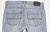Pioneer Men Blue Straight Slim Stretch Jeans W34 L30 (93726)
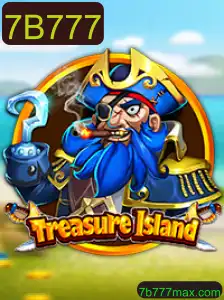 Descubra 'TreasureIsland': Um Mergulho no Mundo da Aventura e Estratégia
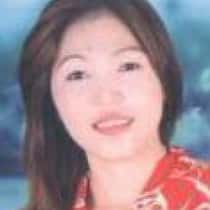 kristine mae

■ AIM OF THE TASK
Dropping every picture, restate the material word for word.

■ OUTPUT OF THE TASK
Pioneer Men Blue Straight Slim Stretch Jeans W34 L30 (93726)
 Descubra 'TreasureIsland': Um Mergulho no Mundo da Aventura e Estratégia
 kristine mae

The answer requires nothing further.